Data section START

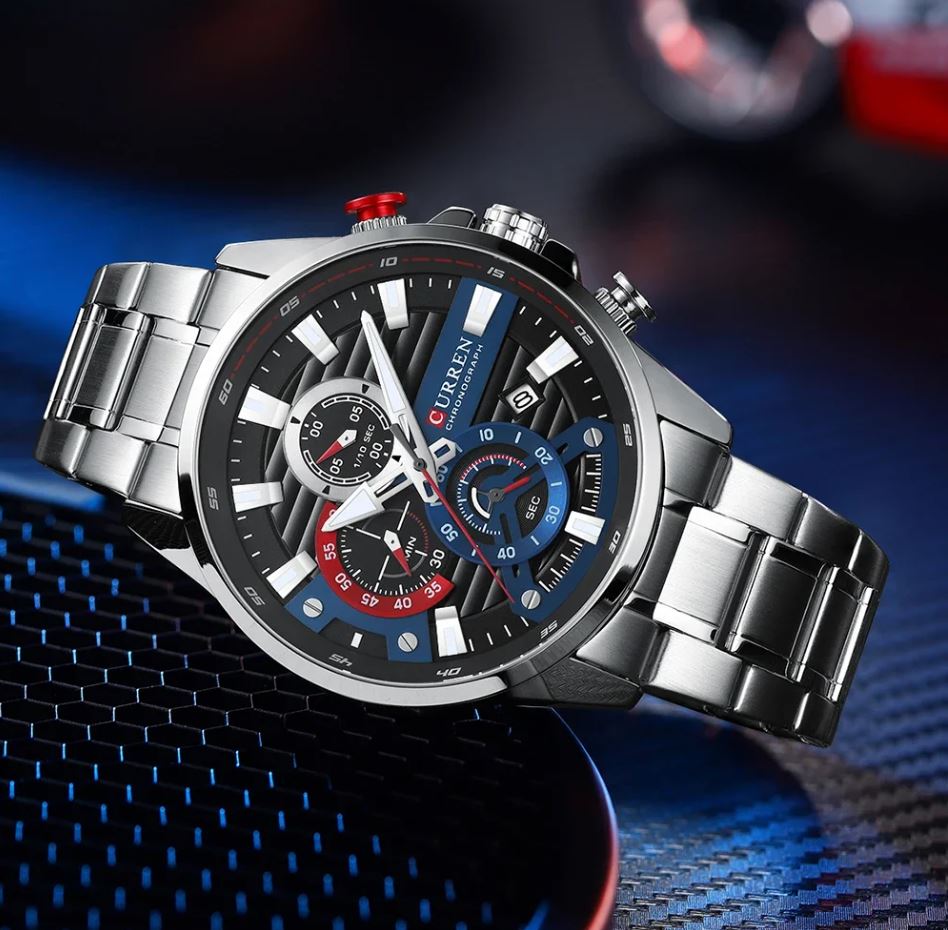 Silver wristwatch with a detailed face on a dark background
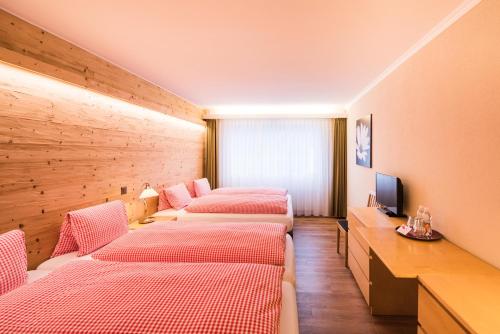 ブリエンツにあるホテル ヴァイセス クロイツのベッド4台とテレビが備わる客室です。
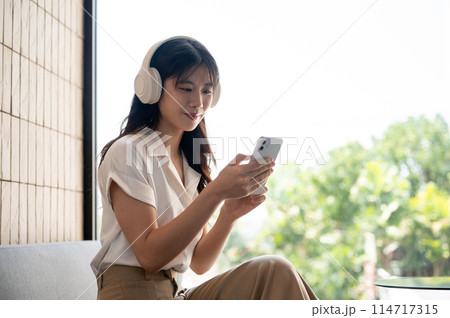 A beautiful Asian woman is using her smartphone while listening to music on her headphones in a cafe A beautiful Asian woman is using her smartphone while listening to music on her headphones in a cafe 114717315
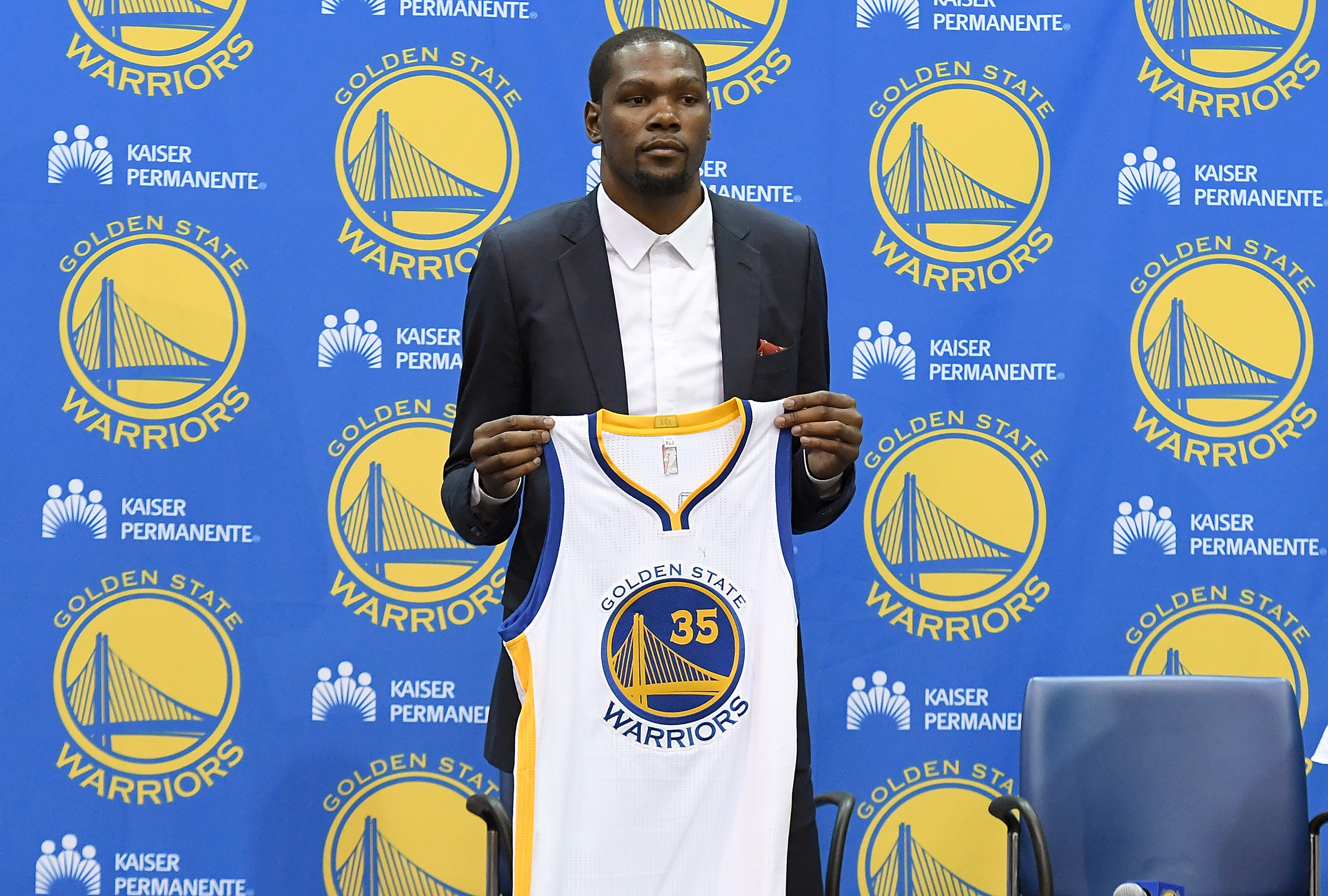 OAKLAND, CA - JULY 07: Kevin Durant #35 of the Golden State Warriors poses with his new jersey during the press conference where he was introduced as a member of the Golden State Warriors after they signed him as a free agent on July 7, 2016 in Oakland, California.   Thearon W. Henderson/Getty Images/AFP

Data section END

What to produce:
Go through the listing above and write it all out exactly, leaving out any picture.

Exercise response:
 Silver wristwatch with a detailed face on a dark background
 ブリエンツにあるホテル ヴァイセス クロイツのベッド4台とテレビが備わる客室です。
 A beautiful Asian woman is using her smartphone while listening to music on her headphones in a cafe A beautiful Asian woman is using her smartphone while listening to music on her headphones in a cafe 114717315
 OAKLAND, CA - JULY 07: Kevin Durant #35 of the Golden State Warriors poses with his new jersey during the press conference where he was introduced as a member of the Golden State Warriors after they signed him as a free agent on July 7, 2016 in Oakland, California.   Thearon W. Henderson/Getty Images/AFP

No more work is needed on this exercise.